The problem itself is technically interesting and challenging involving distributed coordination, crash recovery, and race-condition handling. Working on it has already pushed me to explore concepts and systems that go well beyond what I’ve encountered in coursework, which is exactly the kind of learning experience I’m looking for through open-source development.
1. How much time would you be able to devote to the project?
I am having a Summer break from May to July, I will have approximately 8 weeks starting from 21st May to 19th July. During this period, I will be able to dedicate around ~40 hrs/week. (40 * 8 → 320 hrs.)
From 27th July until 15th September, which is approximately 7 weeks, I will only be able to devote around ~20 hrs/week due to my college semester being in session. (20 * 7 → 140 hrs.)
The allocated time frame is adequate for completing the project; however, I can adjust my work hours to meet the project's needs if necessary.
2. What other obligations might you need to work around during the summer?
3. How often, and through which channel(s), do you plan on communicating with your mentor?
I aim to provide daily updates to my mentor to maintain proper communication and ensure the project runs smoothly. For such discussions and addressing my small queries, my preferred mode of communication would be Discord.

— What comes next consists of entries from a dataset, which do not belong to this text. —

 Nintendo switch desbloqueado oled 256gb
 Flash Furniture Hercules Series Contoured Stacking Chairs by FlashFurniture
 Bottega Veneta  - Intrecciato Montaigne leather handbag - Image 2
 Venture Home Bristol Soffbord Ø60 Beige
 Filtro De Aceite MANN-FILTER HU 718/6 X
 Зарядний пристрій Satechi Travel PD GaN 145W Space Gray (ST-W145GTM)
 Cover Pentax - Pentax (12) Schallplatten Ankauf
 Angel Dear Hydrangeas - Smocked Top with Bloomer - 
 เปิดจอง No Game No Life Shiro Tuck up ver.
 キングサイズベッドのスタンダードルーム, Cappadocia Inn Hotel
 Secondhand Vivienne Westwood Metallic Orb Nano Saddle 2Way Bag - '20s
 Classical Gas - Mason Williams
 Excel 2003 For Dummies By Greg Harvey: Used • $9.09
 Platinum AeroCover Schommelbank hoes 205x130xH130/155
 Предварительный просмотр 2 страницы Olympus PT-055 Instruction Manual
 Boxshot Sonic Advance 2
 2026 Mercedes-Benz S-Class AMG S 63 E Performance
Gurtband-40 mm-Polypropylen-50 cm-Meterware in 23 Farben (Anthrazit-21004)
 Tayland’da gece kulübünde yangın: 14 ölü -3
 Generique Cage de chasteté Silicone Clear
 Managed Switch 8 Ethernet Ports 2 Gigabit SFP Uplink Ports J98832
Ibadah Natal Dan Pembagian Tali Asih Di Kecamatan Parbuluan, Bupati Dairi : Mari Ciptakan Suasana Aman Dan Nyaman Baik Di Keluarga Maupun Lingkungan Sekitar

Meetings with mentor: 2 times a week (flexible) - on Google Meet or any other platform.
“If accepted to contribute in Rage as a GSoC student this year, I decide to put in my best efforts to submit quality work (code) and have regular communication with my mentor and the broader community during these 12 weeks. I also plan to sustain my involvement in this project even after GSoC ends. Should it be that I can't make it this time, I will continue to contribute to the Rage project to the best of my ability and will reapply for GSoC at it, next year.”
Excitedly looking forward to joining the Rage developer team this GSoC!